Northern Lights in the UK: An Unforgettable Night-Time Spectacle13th Sep 2023
The skies over England on Tuesday, 12h August, put on a mesmerizing display as the Northern Lights, or aurora borealis, painted the night sky in shades of pink, green, and yellow. This natural spectacle was visible across northern England, Scotland, Yorkshire, and even as far south as Cornwall.
The Met Office says the northern lights occur “as a consequence of solar activity” and “result from collisions of charged particles in the solar wind colliding with molecules in the Earth’s upper atmosphere.”
Photographers braved the late hours of the evening to capture this rare event. Images of the lights, taken from locations such as the Lake District and Northumberland, showcased the vibrant colors of the aurora.
A Night to Remember
Jonny Gios, a resident of Kendal, recounted his experience at the Haweswater Reservoir. “I was there with a friend to take photos of the Milky Way… and instead we got the aurora,” he said. “I absolutely loved it. It was just phenomenal to see it on our doorstep.”
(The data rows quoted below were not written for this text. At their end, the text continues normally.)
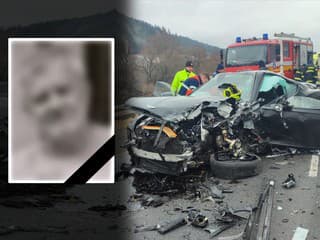 HROZNÁ TRAGÉDIA O život prišiel ARCHITEKT Miroslav! Išiel na chatu, vrazilo doň luxusné auto: Zo SLOV manželky trhá srdce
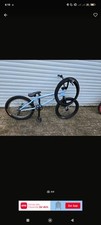 BMX 20 Zoll Fahrrad Kinder und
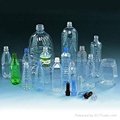 Plastic bottle 1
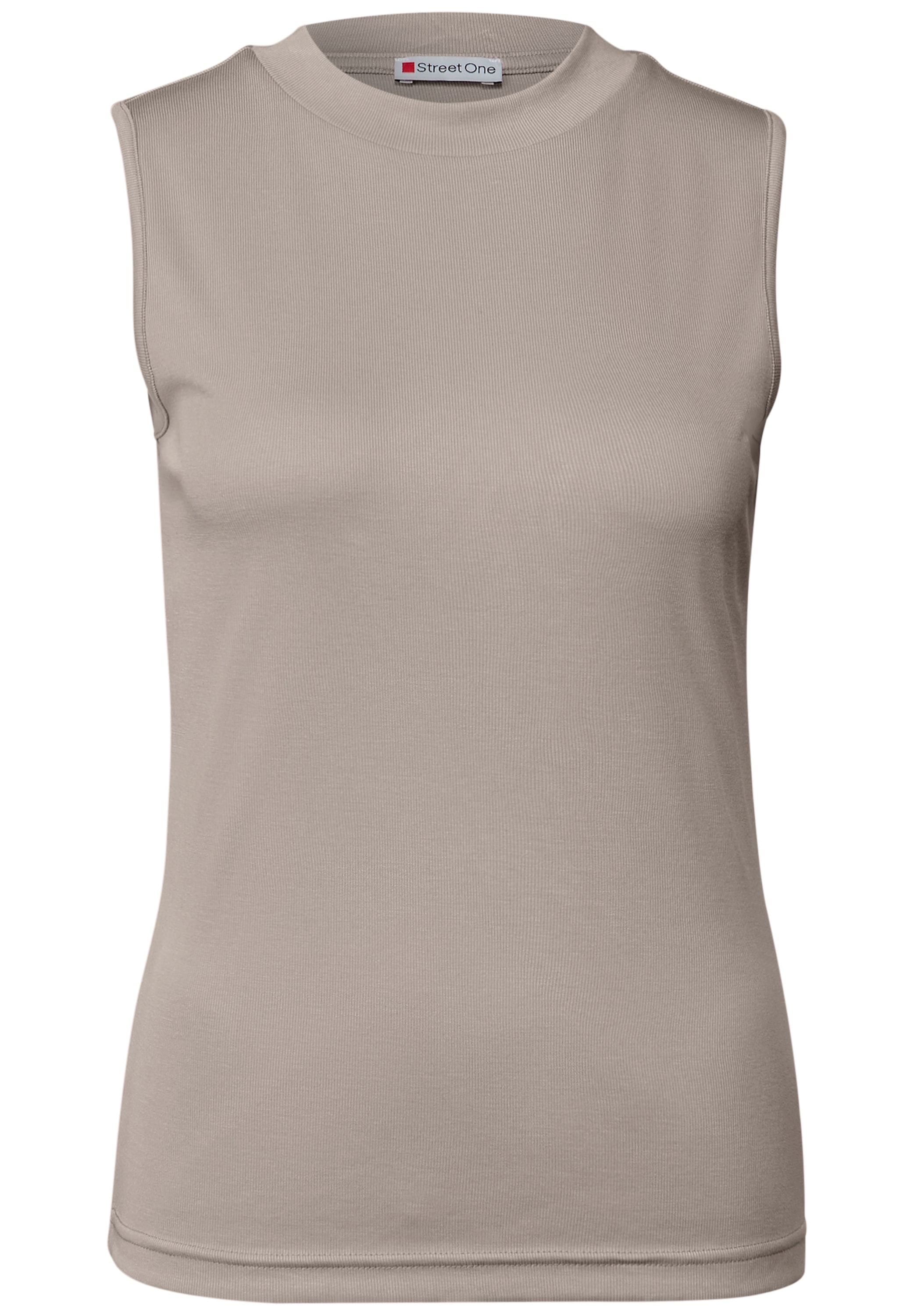 STREET ONE Ripptanktop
Tom Wright, who watched the display from 21:30 BST until 04:00, described the spectacle as “stunning.” In Northumberland, areas around Rothley Castle, Bamburgh lighthouse, and near the Holy Island Causeway were bathed in the ethereal light of the aurora.
The Science Behind the Northern Lights
BBC weather forecaster Simon King explains that the aurora can happen any time of the year, but sightings are likely to become more regular as we approach the peak in solar activity in 2025. The UK has already experienced the magic of northern lights this year. You can even see the best photos of the recent Aurora Borealis.
This phenomenon is caused by solar activity, particularly solar flares and solar wind. These events on the sun eject a stream of charged particles, or plasma, into space. When these particles reach the Earth, they interact with the magnetic field surrounding our planet.
As these charged particles enter the Earth’s atmosphere, they collide with gas particles. These collisions excite the gas molecules, causing them to light up and create the beautiful, dancing lights we know as the aurora. Different gases give off different colors when they are excited. For example, oxygen at about 60 miles above the Earth’s surface will glow a pale yellow-green, the most common color associated with auroras. At higher altitudes, where there is more atomic oxygen, the aurora can appear red. Nitrogen produces blue or purplish-red aurora.
The Northern Lights Reach Further South
This time, in a rare occurrence, the Northern Lights were visible as far south as Cornwall. This spectacle is usually only seen further north, primarily in Scotland. The Met Office describes the appearance of the lights as “large areas of colour including pale green, pink, shades of red, yellow, blue and violet in the direction due north.”
Social media was abuzz with excitement as users shared their experiences of the event. A photographer from Penzance named Nick tweeted about the fantastic display of the northern lights here in Cornwall tonight and presented a variety of incredible photos.
The AuroraWatch UK, based at Lancaster University, issued a “red alert” after 2 a.m., indicating that the aurora would likely be visible by eye and camera from anywhere in the UK.